__Your assignment__
Reproduce the listing that follows so that each line matches the original exactly.

__Data__
++++
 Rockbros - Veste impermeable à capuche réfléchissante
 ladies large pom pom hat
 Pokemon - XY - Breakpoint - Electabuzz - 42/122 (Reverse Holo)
++++
__Problem solution__
 Rockbros - Veste impermeable à capuche réfléchissante
 ladies large pom pom hat
 Pokemon - XY - Breakpoint - Electabuzz - 42/122 (Reverse Holo)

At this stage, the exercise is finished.